##### Input data

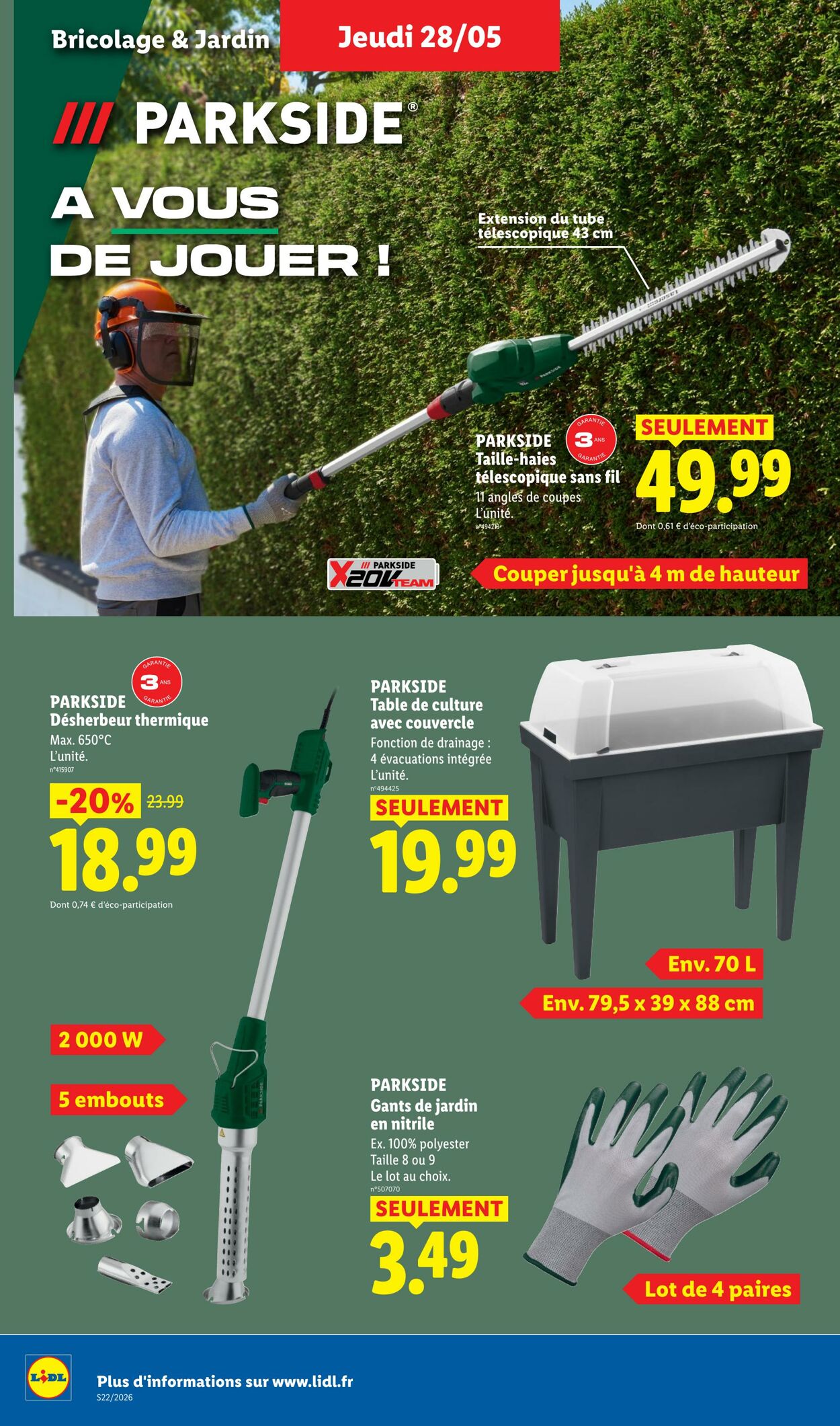 Catalogue Lidl 24.05.2026 - 03.06.2026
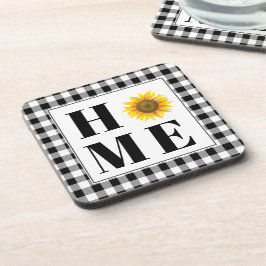 Buffalo Karo Sonnenblume "Zuhause" Getränkeuntersetzer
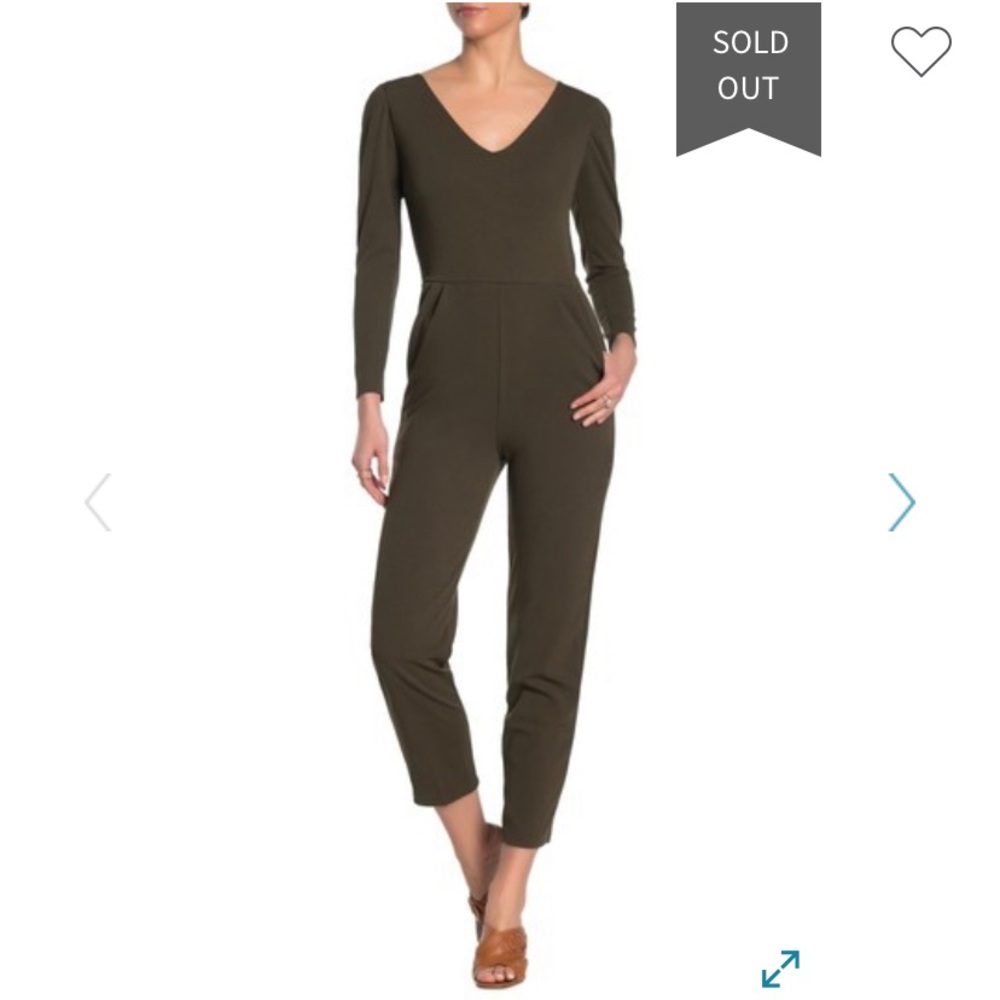NEW Love...Ady Olive Long Sleeve Jumpsuit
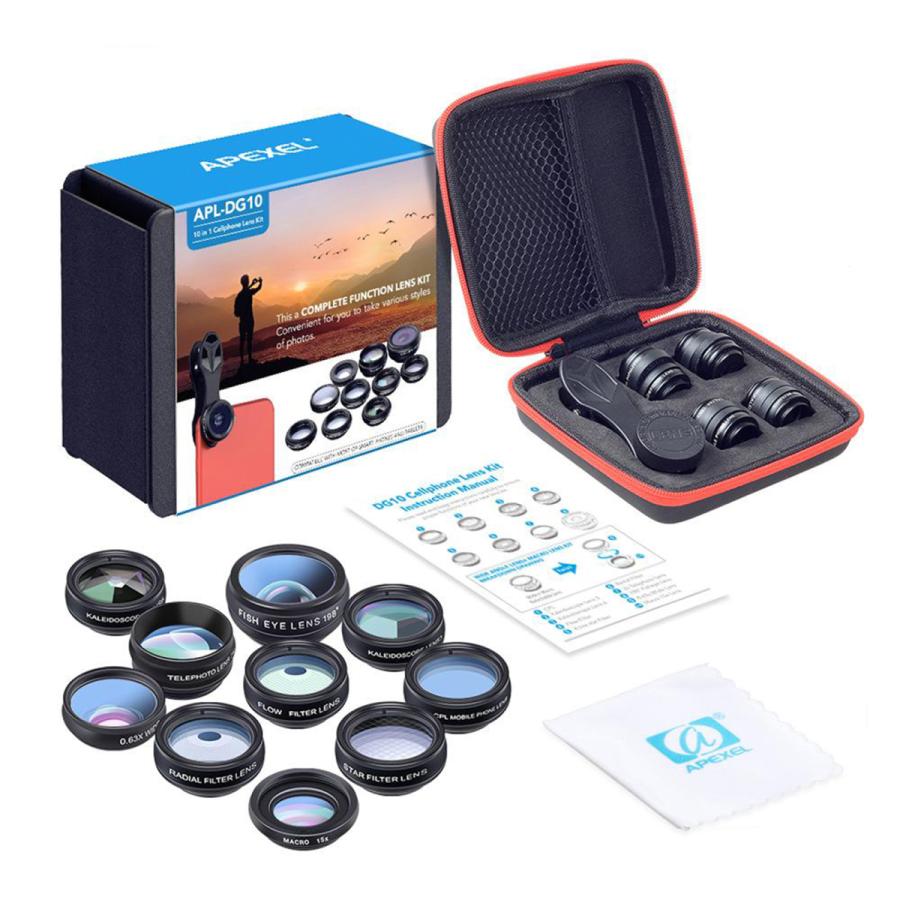1電話カメラレンズキットで10広角/マクロ/フィッシュアイ望遠/cpl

##########

Pictures excluded, output exactly the line that contains "NEW Love...Ady Olive Long Sleeve Jumpsuit" and every line after it to the end of the data above.

NEW Love...Ady Olive Long Sleeve Jumpsuit
1電話カメラレンズキットで10広角/マクロ/フィッシュアイ望遠/cpl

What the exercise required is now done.